One day hubby had enough of looking at his as-yet-unwrapped gift, and with watching me try to whittle my book selections down to just one in order to avoid impending spine curvature. He forced me to go through the setup and give the Nook a go…and sigh, I’ve never looked back, with the rare exception. So see, I’m a murderer. It was easy, the convenience of it all. Book blood is on my hands.


Despite its near sinful ease of use, there is a disconnect. E-readers are just pressing buttons…but for me it’s never fully served my complete literary needs. Yes, I’m a bit of a greedy book whore. I never gave up on bookstores. My tactile love of running my fingers along the books. The little game I often play by reading the first page and determining that if the writer hasn’t captured me by the end of that page, then I don’t buy the book; back on the shelf it goes. The way I try and discern what the book is about from its cover art. How some authors use the same theme in their covers. How the lettering can change from book to book. What it feels like to open a hardback for the first time and feel the spine of the book give a little creak or a soft snap, because it’s still so stiff until you smooth the center. And the growing anticipation of turning the first page, to the subtle misery of turning the last.

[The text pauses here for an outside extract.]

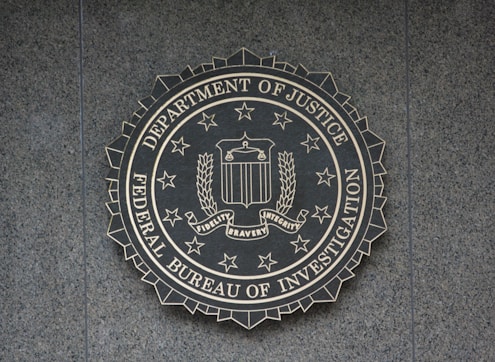 the seal of the department of justice on a wall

This is a process I’ve held onto for years, which didn’t stop with getting an E-reader. I still go to the bookstore and peruse the stacks, going through my little book ritual even if I still order the book through my Nook. I figure I have the best of both worlds. I’ll read a few pages in the bookstore while copping a squat, drinking a cup of tea, before finishing it on my device. This seems to be a better, more natural order of things, and I don’t feel like such a heel. A terrible, terrible, book killer.

Now, though, with the closing of Borders, this could eventually mean the end to the bookstore. At Barnes & Noble alone I’ve noticed that the Nook selling station is getting larger and larger, and the New Releases section getting pushed farther and farther aside when it used to be front and center. On the second floor, you’ll still see parents and their kids shopping for books, stopping to read, giggling at the book covers…something I also did as a kid while reading Cloudy With a Chance of Meatballs, Sylvester and the Magic Pebble, or Goodnight Moon. I can’t imagine that experience on an E-reader or an iPad…egad! How do you enjoy a pop-up book on an E-reader?! How do you enjoy a scratch and sniff book on an iPad?! These are very important questions.


Nonetheless, I’m still a traitor. I think it’s hugely important to preserve books, thereby preserving our written history. No civilization has survived without books. I think it’s a very scary thing to start reducing the numbers we retain. Sure, perhaps technology will continue to advance and perhaps the need will eventually become obsolete…but what if it doesn’t? What then? What if the unthinkable happens and civilization is in peril? What if we don’t have access to the Internet or all our seemingly endless electronic devices? What if the only thing we have is our ability to read the written word on a page? Do we want to make it so those words become the Holy Grail? Yes, yes, I know I’m talking about some apocalyptic future (Or am I?), but just think about how many things we’ve allowed to digitally command our world in such a short time, things that have excelled or petered out, things that we’ve embraced, or have just gone out of business, regardless…more and more the machines are running our lives (SKYNET!)…but there have always been books.

I kid, mostly. Well, maybe not. Have you seen the Terminator or The Matrix? In the end, though, let’s enjoy our e-readers for their convenience, but not forget the source of their existence, and try when we can to support reading, literacy, libraries, and the bookseller. There are just some things that still need the human touch.